Ce vendredi, le secrétaire d’État américain Marco Rubio, nommé à ce poste après la rotation ministérielle de janvier – occupera le devant de la scène diplomatique en accueillant la conclusion d’un accord de principe entre la RDC et le Rwanda. Selon des responsables du Département d’État, la cérémonie, organisée dans l’imposante salle Thomas Jefferson, scellera une « déclaration de principes » par laquelle les deux voisins s’engagent à transformer une fragile cessation des hostilités en un cessez-le-feu permanent.
La ministre congolaise des Affaires étrangères, Thérèse Kayikwamba Wagner, et son homologue rwandais, Olivier Nduhungirehe, signeront conjointement le document en présence de Marco Rubio et de plusieurs hauts représentants de la diplomatie qatarie. Doha, fort de sa réputation grandissante de médiateur dans les conflits complexes, a joué un rôle de cheville ouvrière dans les discussions qui se sont intensifiées ces dernières semaines sous l’égide de Washington.
Un conflit régional aux répercussions internationales
Depuis janvier, la résurgence de la rébellion du M23 a plongé l’Est congolais dans une spirale de violences ; des milliers de civils ont perdu la vie et plus de 800 000 personnes ont été contraintes de fuir leur foyer, selon les estimations d’agences humanitaires indépendantes. Les forces du M23, souvent mieux équipées que les unités régulières congolaises, ont conquis des localités stratégiques le long de la frontière, perturbant l’activité minière dans une région aussi riche en coltan et en cobalt qu’en tensions communautaires.
Les Nations unies, les États-Unis et plusieurs chancelleries occidentales accusent Kigali d’appuyer militairement le M23 – soutien que le gouvernement rwandais dément catégoriquement. Néanmoins, la pression s’est accentuée mi-avril lorsqu’un envoyé spécial américain, l’homme d’affaires Massad Boulos (par ailleurs beau-père de Tiffany Trump), s’est rendu successivement à Kigali et Kinshasa. À l’issue de sa mission, il a exhorté le Rwanda à « cesser tout soutien direct ou indirect » à la rébellion et à retirer « toute présence militaire rwandaise du territoire congolais ».
Les dessous géopolitiques de la « déclaration de Washington »
La signature imminente intervient à la suite d’une annonce surprise faite mercredi : Kinshasa et les commandants du M23 ont déclaré qu’ils stoppaient immédiatement les combats, ouvrant la porte à des négociations plus substantielles sous supervision internationale.
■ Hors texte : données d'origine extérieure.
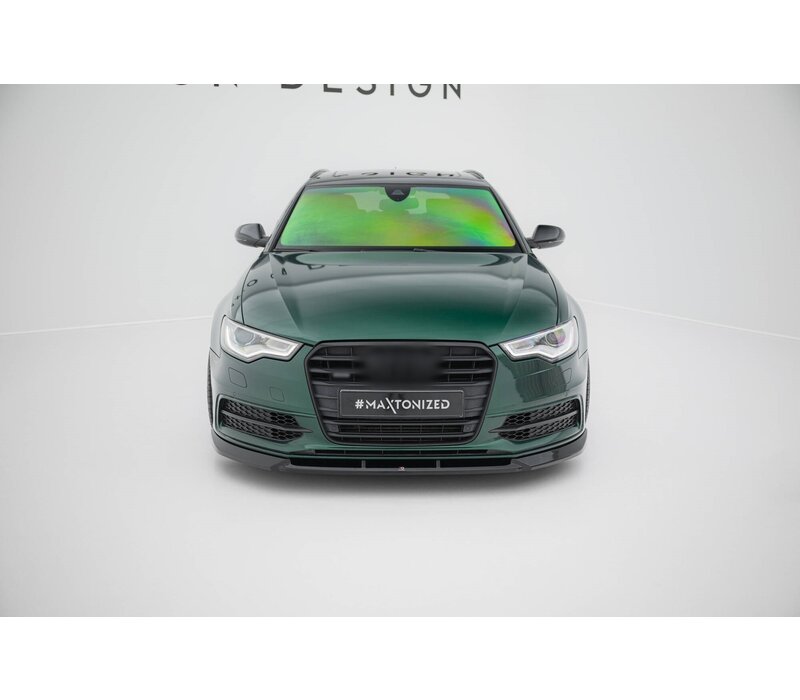Front splitter V.3 für Audi A6 C7 S line / S6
Washington, soucieux de stabiliser une zone cruciale pour l’approvisionnement mondial en minerais stratégiques (cuivre, cobalt, lithium), entend consolider cette fenêtre d’opportunité.
Côté congolais, l’enjeu dépasse la sécurité frontalière. Selon des sources proches du dossier, la RDC espère profiter du moment pour conclure avec les États-Unis un accord bilatéral garantissant « un accès encadré et transparent » aux gisements de minerais critiques, condition jugée indispensable pour attirer davantage d’investissements américains et diversifier une économie trop dépendante des exportations brutes de matières premières.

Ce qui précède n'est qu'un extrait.